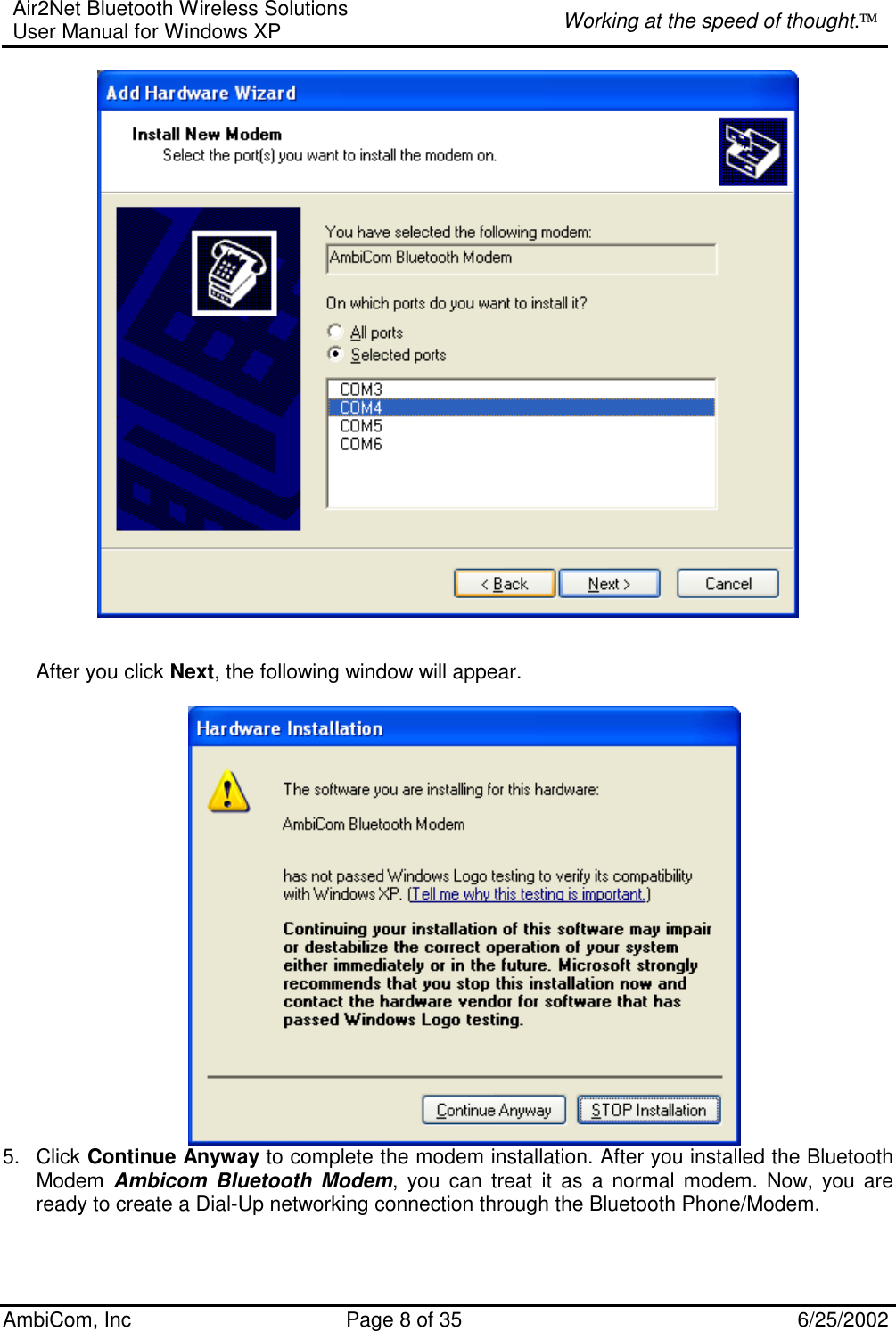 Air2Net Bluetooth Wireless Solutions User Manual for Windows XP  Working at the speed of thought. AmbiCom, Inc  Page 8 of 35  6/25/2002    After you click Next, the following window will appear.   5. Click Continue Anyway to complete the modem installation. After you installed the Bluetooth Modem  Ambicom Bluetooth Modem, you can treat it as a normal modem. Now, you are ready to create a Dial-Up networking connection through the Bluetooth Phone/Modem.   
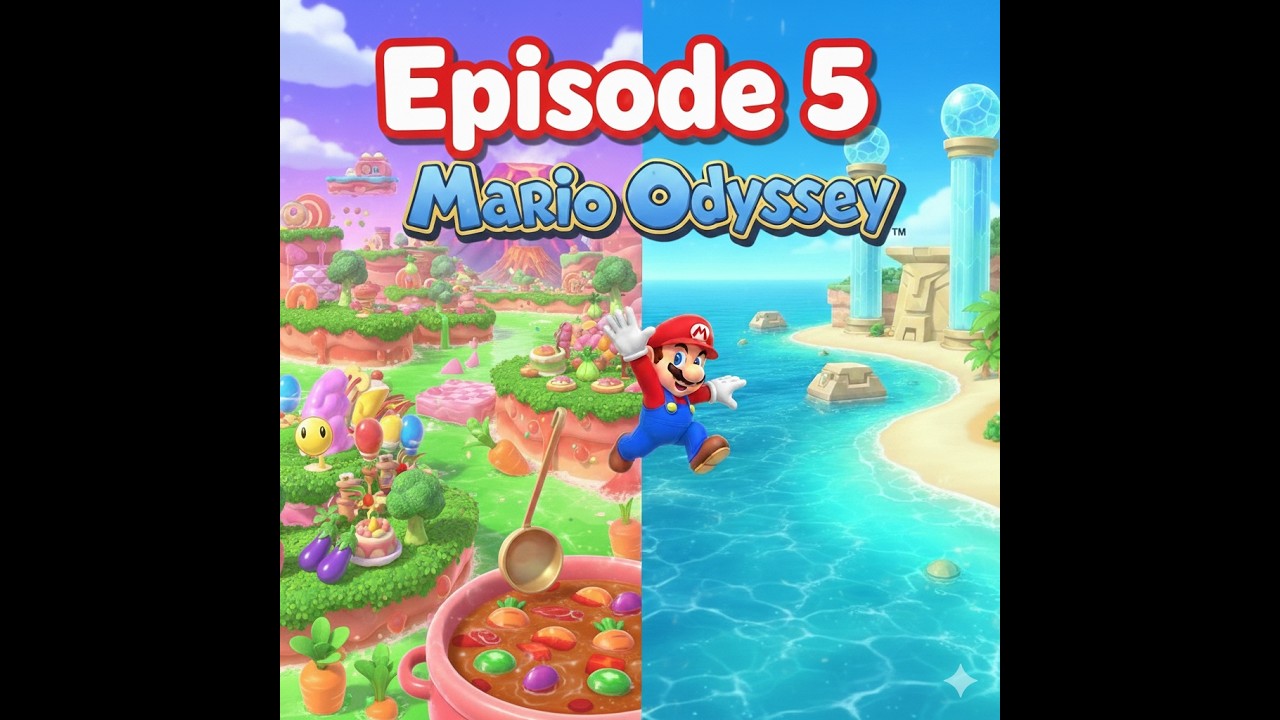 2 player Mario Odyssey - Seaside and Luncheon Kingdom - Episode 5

* * *

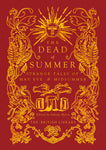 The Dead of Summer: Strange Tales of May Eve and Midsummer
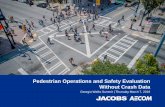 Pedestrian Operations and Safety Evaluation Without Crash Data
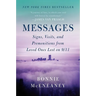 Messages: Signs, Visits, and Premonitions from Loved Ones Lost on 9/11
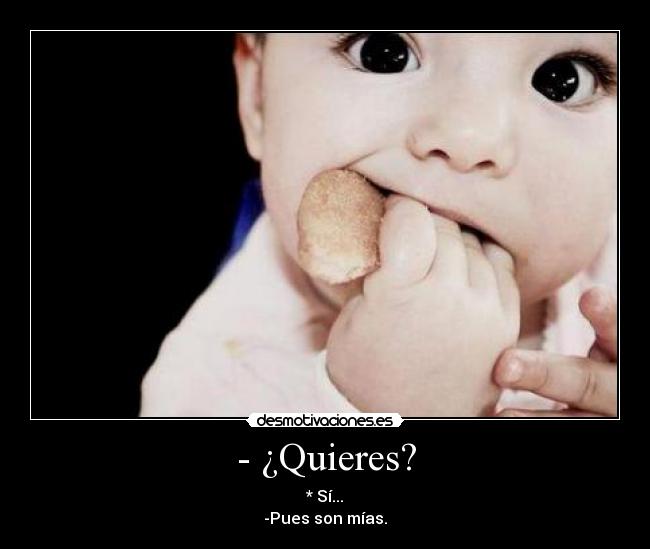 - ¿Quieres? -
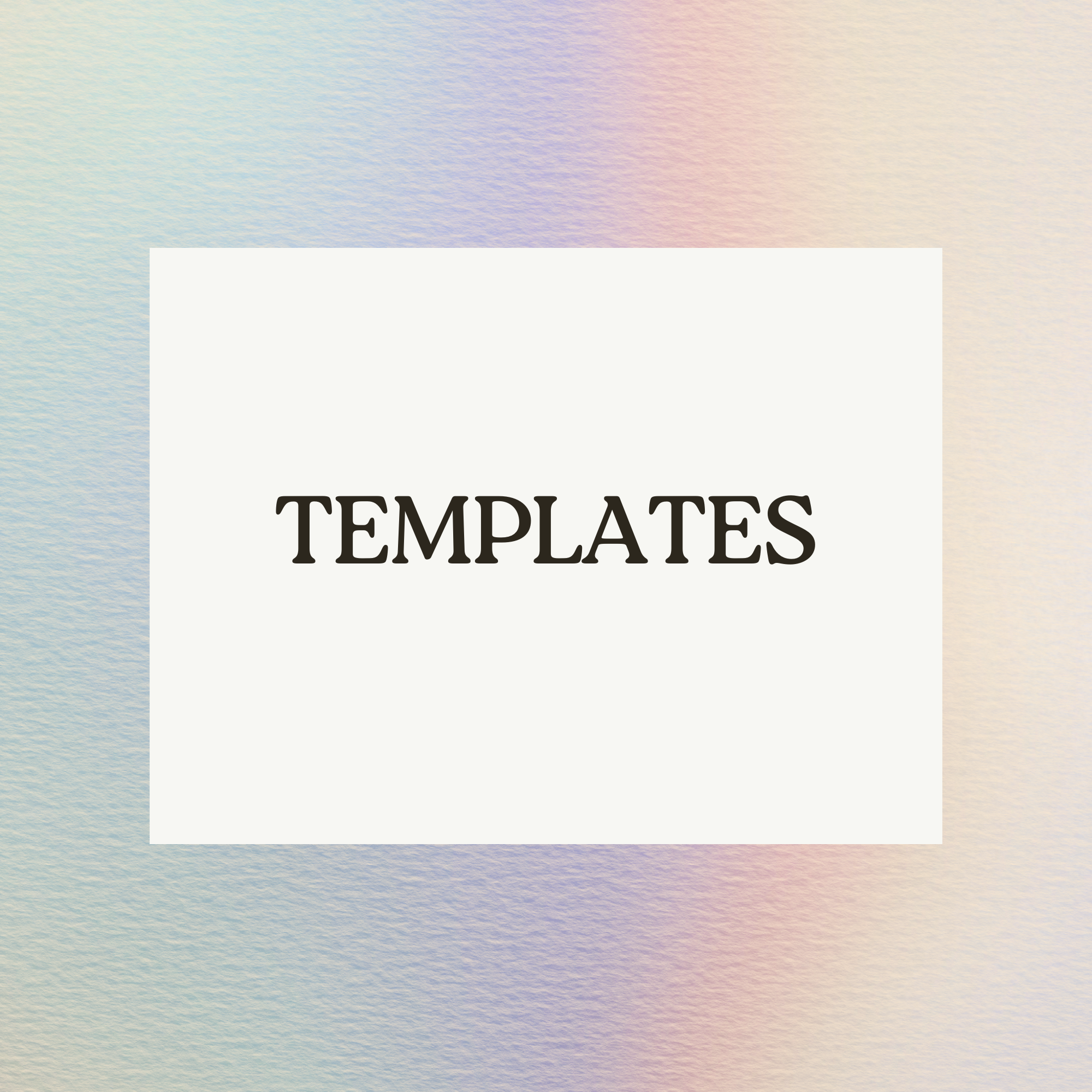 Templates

## About this exercise
Within the material above, only the stretch from the line holding "Air2Net Bluetooth Wireless" through the line holding "2 player Mario" is to be restated exactly. Pictures are dropped.

## Task answer
 Air2Net Bluetooth Wireless Solutions User Manual for Windows XP  Working at the speed of thought. AmbiCom, Inc  Page 8 of 35  6/25/2002    After you click Next, the following window will appear.   5. Click Continue Anyway to complete the modem installation. After you installed the Bluetooth Modem  Ambicom Bluetooth Modem, you can treat it as a normal modem. Now, you are ready to create a Dial-Up networking connection through the Bluetooth Phone/Modem.   
 2 player Mario Odyssey - Seaside and Luncheon Kingdom - Episode 5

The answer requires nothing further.